De toute manière, indique Indrowtee Gopeesingh, lorsque les cueilleurs de thé actuels quitteront les champs, il n’y aura pas de relève. «Preske tou bann dimounn ki travay dan karo zordi la zot éna lao 60 an. Bann zeness pa rodé mem vinn travay dan karo. Zot éna rézon ousi. Dan lété ou travay bien mé dan liver bien tigit kass gagné, parfwa Rs 600 par mwa. Kouma viv ek sa ? Nou bizin pay lokasyon karo, lorla bizin netwayé, met fertilizan. Nanyé pa resté lerla.»

 Indrowtee explique que comme elle, de nombreux cueilleurs de thé paient une location au groupe St-Aubin pour un lopin de terre sur lequel ils cueillent le thé. «Nou pay Rs 600 arpents later. Zot fini plant dité lor la. Lerla nou nou netway li, met so fertilisan ek kas dité-la.»

 En somme, le groupe St Aubin est propriétaire de terrains sur lesquelles est cultivé le thé. Des cueilleurs peuvent alors louer ces terres par arpent. Ils doivent maintenir la plantation, nettoyer, mettre du fertilisant et ensuite cueillir le thé pour Rs 10 le kilo pour le compte de Bois-Chéri. Indrowtee est d’avis que c’est un système qui exploite les cueilleurs de thé. «Mé ki pou fer ? Samem nou travay. Dépi komié banané li koumsa.»


 

Éric Guimbeau : «le thé, c’est un secteur très compliqué»
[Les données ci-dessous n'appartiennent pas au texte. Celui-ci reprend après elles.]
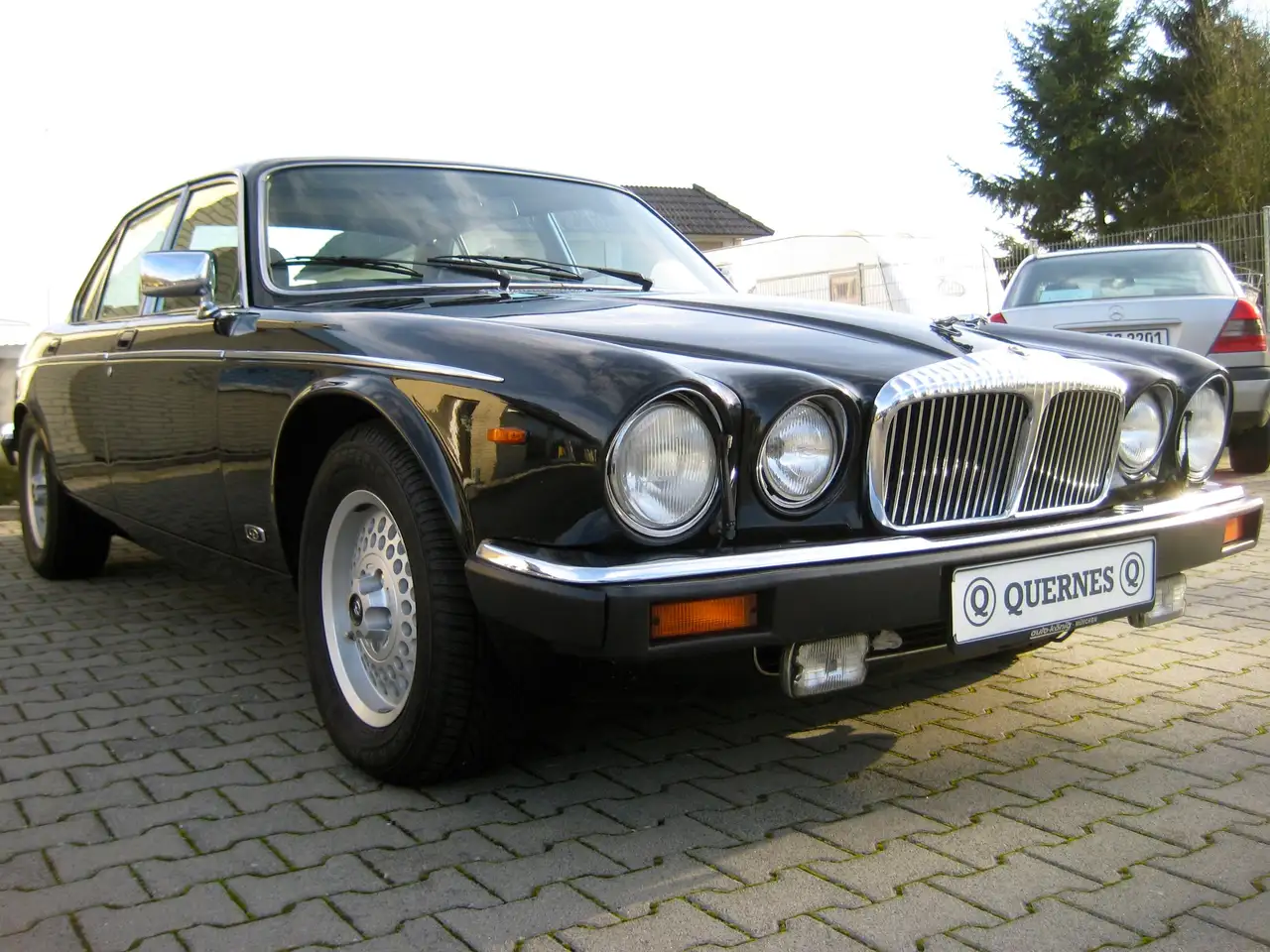 Jaguar XJ V12 Automatik TOPZUSTAND, foto 12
Le Chief Executive Officer (CEO) du groupe St-Aubin, Éric Guimbeau, concède qu’il se peut qu’il y ait des retards au niveau du paiement. «Nous sommes dans un secteur très difficile. Il y a plusieurs facteurs à prendre en considération, entre autres le climat, le mauvais temps. Mais nous rattrapons tout retard. Tous les paiements sont à jour», soutient-il. Qu’en est-il de la main-d’œuvre étrangère dans les champs ? Éric Guimbeau explique qu’il n’a guère le choix car les Mauriciens ne veulent plus travailler dans les champs de thé. «J’ai moi-même personnellement fait le tour des villages pour essayer de recruter des cueilleurs de thé. Mais il n’y a pas de relève. C’est triste car on aurait voulu que ce soit des Mauriciens qui puissent bénéficier de ces emplois.» Ils sont 35 Bangladais à travailler pour le compte de St-Aubin, indique son CEO. Quant aux menaces que certains cueilleurs auraient reçues, Éric Guimbeau est catégorique dessus : «Ce n’est certainement pas la direction qui tient un tel langage. J’invite les cueilleurs à venir me voir, vinn dir mwa kisanla kinn dir zot sa.» Selon le patron de St-Aubin, tous ceux qui travaillent avec le groupe font partie d’une seule famille. «Plusieurs familles survivent grâce aux emplois qu’a créés le groupe, grâce aux champs de thé. Ils ont pu envoyer leurs enfants étudier pour devenir médecins, avocats. On est là depuis très longtemps, on a toujours collaboré pour aller de l’avant.» Pour venir aux champs que certains cueilleurs louent, Éric Guimbeau explique que c’est la pratique courante dans le secteur du thé. «Ce n’est certainement pas une forme d’exploitation. Nous payons beaucoup plus au gouvernement pour pouvoir exploiter ces terres et nous les louons à un prix bien moindre aux individus. Mais en même temps, ces gens-là ont la garantie que le groupe va acheter le thé. Nous les aidons d’une certaine façon. Et puis, tout cela est bien réglementé par la loi. Tous les prix, les conditions et autres sont strictement réglementés.»